Those magnificent blooms were irresistible. So you purchased your first orchid, brought it home, and now what do you do!
Orchids don't need a lot of attention and they're tougher than you think. In fact the quickest way to kill an orchid is over doing it. So don't try to make everything perfect - your plant will be just fine.
If your new plant is flowering, display it wherever it looks best; kitchen counter, dining room table, etc.. Your plant is in its "Blooming Season" and it has all the energy it needs to push out more flowers and it doesn't need sun at this point. In fact, flowers last longer away from direct sun. Cool temperatures also make flowers last longer - think of how a florist keeps their flowers fresh in a cooler.
Is it too wet? Is it too dry? What holds water .... what doesn't? Watering orchids can be a mystery!
Sidebar: Our hydroponic system takes all the guesswork out of watering! A water gauge tells you when and how much to water. We have to wait until your plant is finished blooming before we can transplant it hydroponics however.
Correct watering means establishing a definite wet/dry cycle for your plant.

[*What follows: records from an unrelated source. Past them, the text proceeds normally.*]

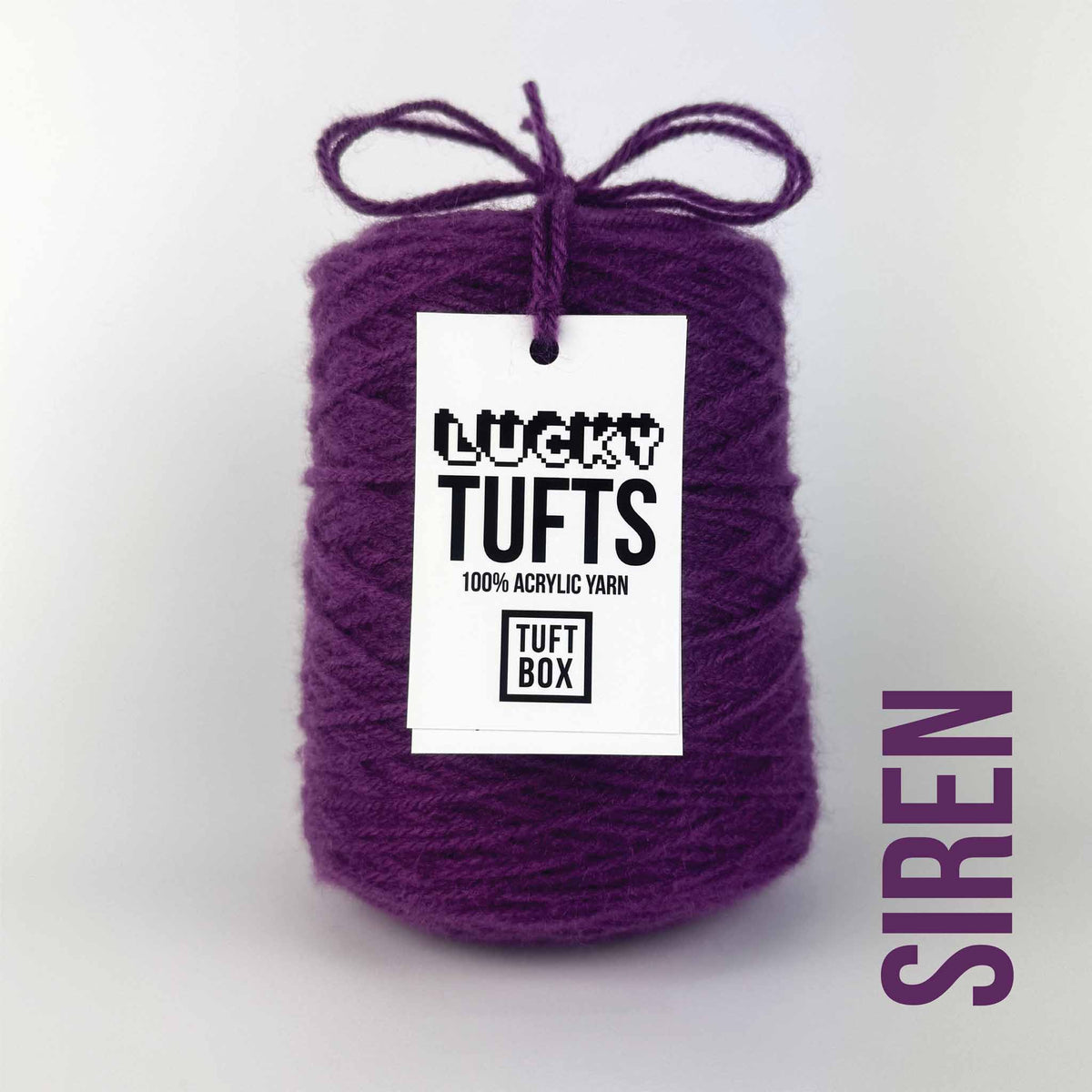 A cone of Lucky Tufts™ acrylic tufting and punch needle yarn in the colour siren. A dark and saturated purple.
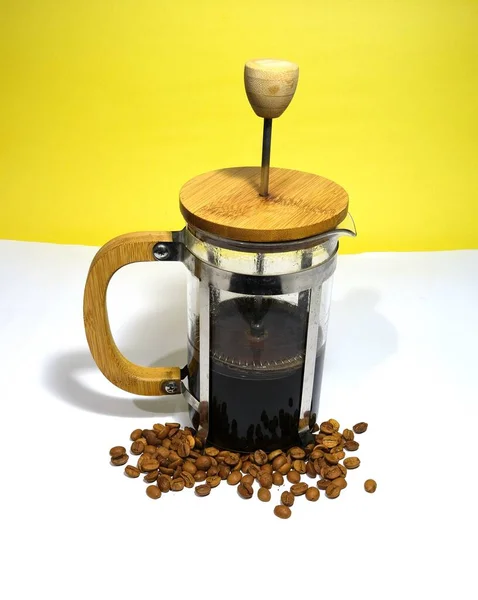 French press coffee maker on the white ground. Arabic coffee beans bottom of the french press and cooked caffe inside the glass side of the press and wooded details with dull yellow background.
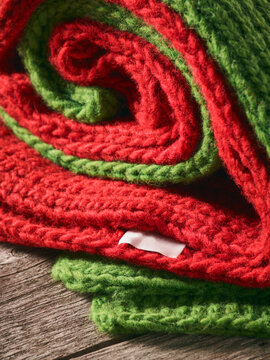 Close-up of a red and green knitted garments folded together and laying on a wooden table; Studio
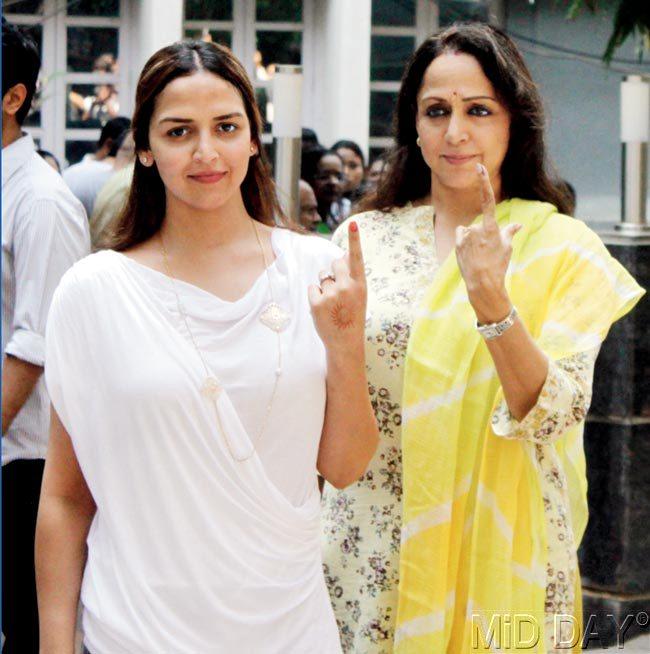 Hema Malini (right) with daughter Esha after exercising their franchise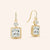 "Stunning Dangles" 6.5CTW Princess Cut Dangle Earrings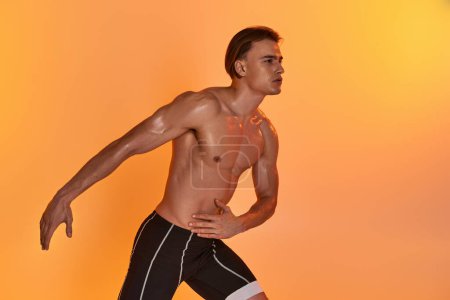 good looking young athletic man posing topless in active motions on orange vivid background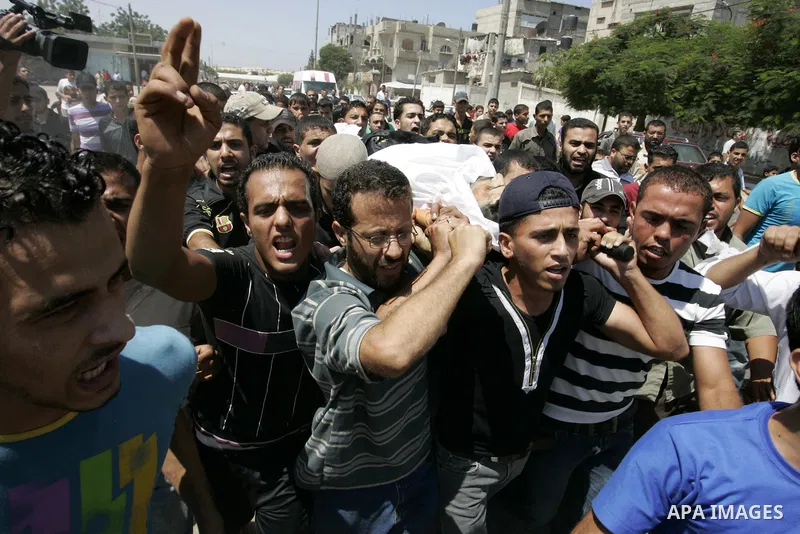 Palestinian mourners carry the body of Islamic Jihad militant Ismael Al-Asmar during his funeral after an Israeli air strike hit his car in Rafah in the southern Gaza Strip on 24 August 2011. Al-Asmar, one of the militan...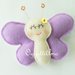 Una farfalla lilla come gadget di compleanno per la tua bambina: una calamita, un portachiavi o una spilla?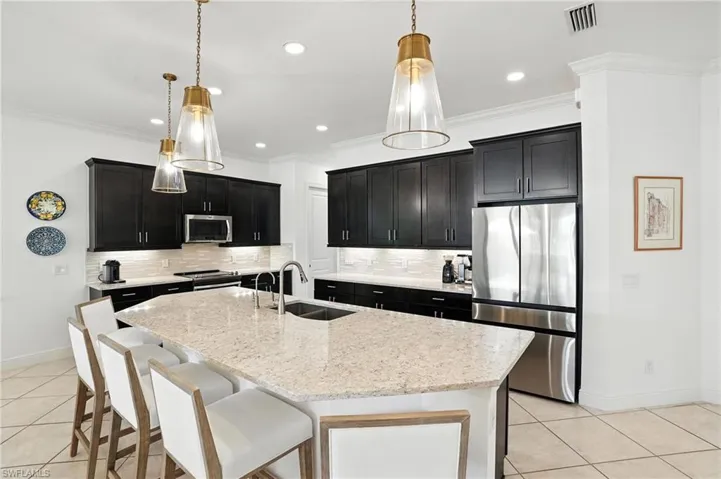 Kitchen with appliances with stainless steel finishes, dark cabinets, light tile patterned floors, decorative backsplash, and crown molding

So, when you water, you can't over do it. Knowing how long to wait between waterings is the challenge.
The best method I have found for watering (no matter what it's growing in) is soaking the plant in the sink for a couple of hours. Don't worry, you can't over do it.
First, make sure the grow pot has a hole in the bottom for drainage. If your plant is in a decorative container, it should have an inner grow pot.
Lift the plant (and grow pot) from the decorative container and take it to the sink. Water throughly. Pour water over the roots until it runs out the bottom of the pot. Repeat a second time. You can even let your plant sit in water for a couple of hours. Never, ever allow your plant to be sittting in water for days and days however.
After a thorough watering, put your plant back in it's decorative container and return it to its display spot. Here comes the tricky part - wait until your plant is completely dry before rewatering. How long this takes can vary from a couple of days to 2-3 weeks depending on what type of media your orchid is growing in.
Orchids growing in bark (or stuff that looks like bark) will probably need water every 5-7 days. Orchids growing in moss need water only once every two weeks!
Phalaenopsis growing in moss
Phalaenopsis growing in bark
As you can see, it takes a "green thumb" to water orchids growing in traditional media. Don't worry, watering will be easy with our Hydroponic System. We eliminate all those mysterious potting materials and our system even has a water gauge that tells you when (and how much) to water!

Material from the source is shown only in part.